Crawled caption data:
-------------------------
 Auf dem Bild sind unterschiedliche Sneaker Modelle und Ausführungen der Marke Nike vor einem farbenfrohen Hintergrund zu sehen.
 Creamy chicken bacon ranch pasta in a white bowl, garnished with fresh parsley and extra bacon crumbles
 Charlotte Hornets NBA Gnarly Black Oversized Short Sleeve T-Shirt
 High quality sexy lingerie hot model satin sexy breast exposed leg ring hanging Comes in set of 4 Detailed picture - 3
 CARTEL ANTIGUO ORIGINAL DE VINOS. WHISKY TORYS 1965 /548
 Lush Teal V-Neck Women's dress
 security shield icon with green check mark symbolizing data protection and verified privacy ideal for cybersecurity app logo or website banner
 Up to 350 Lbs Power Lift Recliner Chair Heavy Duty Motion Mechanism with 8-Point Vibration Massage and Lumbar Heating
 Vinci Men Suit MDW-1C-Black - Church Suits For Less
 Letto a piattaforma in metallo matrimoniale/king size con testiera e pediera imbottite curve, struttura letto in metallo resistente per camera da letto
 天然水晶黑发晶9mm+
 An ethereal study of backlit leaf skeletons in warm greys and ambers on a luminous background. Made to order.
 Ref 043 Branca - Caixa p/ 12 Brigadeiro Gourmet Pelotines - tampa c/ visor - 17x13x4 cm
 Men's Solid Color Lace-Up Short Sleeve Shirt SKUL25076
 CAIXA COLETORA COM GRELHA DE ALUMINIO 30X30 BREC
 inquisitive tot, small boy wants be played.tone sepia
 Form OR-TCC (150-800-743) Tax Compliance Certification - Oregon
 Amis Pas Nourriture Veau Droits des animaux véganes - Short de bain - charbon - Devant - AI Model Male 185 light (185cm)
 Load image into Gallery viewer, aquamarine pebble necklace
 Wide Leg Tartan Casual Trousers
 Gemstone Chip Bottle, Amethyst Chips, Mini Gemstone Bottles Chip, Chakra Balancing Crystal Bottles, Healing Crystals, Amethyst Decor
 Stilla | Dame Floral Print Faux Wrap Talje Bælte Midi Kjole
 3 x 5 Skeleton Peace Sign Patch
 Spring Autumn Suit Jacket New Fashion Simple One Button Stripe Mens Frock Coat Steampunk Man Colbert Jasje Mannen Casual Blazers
-------------------------
> Problem statement
Give every entry again in full, precisely as written above.

> Exercise response
 Auf dem Bild sind unterschiedliche Sneaker Modelle und Ausführungen der Marke Nike vor einem farbenfrohen Hintergrund zu sehen.
 Creamy chicken bacon ranch pasta in a white bowl, garnished with fresh parsley and extra bacon crumbles
 Charlotte Hornets NBA Gnarly Black Oversized Short Sleeve T-Shirt
 High quality sexy lingerie hot model satin sexy breast exposed leg ring hanging Comes in set of 4 Detailed picture - 3
 CARTEL ANTIGUO ORIGINAL DE VINOS. WHISKY TORYS 1965 /548
 Lush Teal V-Neck Women's dress
 security shield icon with green check mark symbolizing data protection and verified privacy ideal for cybersecurity app logo or website banner
 Up to 350 Lbs Power Lift Recliner Chair Heavy Duty Motion Mechanism with 8-Point Vibration Massage and Lumbar Heating
 Vinci Men Suit MDW-1C-Black - Church Suits For Less
 Letto a piattaforma in metallo matrimoniale/king size con testiera e pediera imbottite curve, struttura letto in metallo resistente per camera da letto
 天然水晶黑发晶9mm+
 An ethereal study of backlit leaf skeletons in warm greys and ambers on a luminous background. Made to order.
 Ref 043 Branca - Caixa p/ 12 Brigadeiro Gourmet Pelotines - tampa c/ visor - 17x13x4 cm
 Men's Solid Color Lace-Up Short Sleeve Shirt SKUL25076
 CAIXA COLETORA COM GRELHA DE ALUMINIO 30X30 BREC
 inquisitive tot, small boy wants be played.tone sepia
 Form OR-TCC (150-800-743) Tax Compliance Certification - Oregon
 Amis Pas Nourriture Veau Droits des animaux véganes - Short de bain - charbon - Devant - AI Model Male 185 light (185cm)
 Load image into Gallery viewer, aquamarine pebble necklace
 Wide Leg Tartan Casual Trousers
 Gemstone Chip Bottle, Amethyst Chips, Mini Gemstone Bottles Chip, Chakra Balancing Crystal Bottles, Healing Crystals, Amethyst Decor
 Stilla | Dame Floral Print Faux Wrap Talje Bælte Midi Kjole
 3 x 5 Skeleton Peace Sign Patch
 Spring Autumn Suit Jacket New Fashion Simple One Button Stripe Mens Frock Coat Steampunk Man Colbert Jasje Mannen Casual Blazers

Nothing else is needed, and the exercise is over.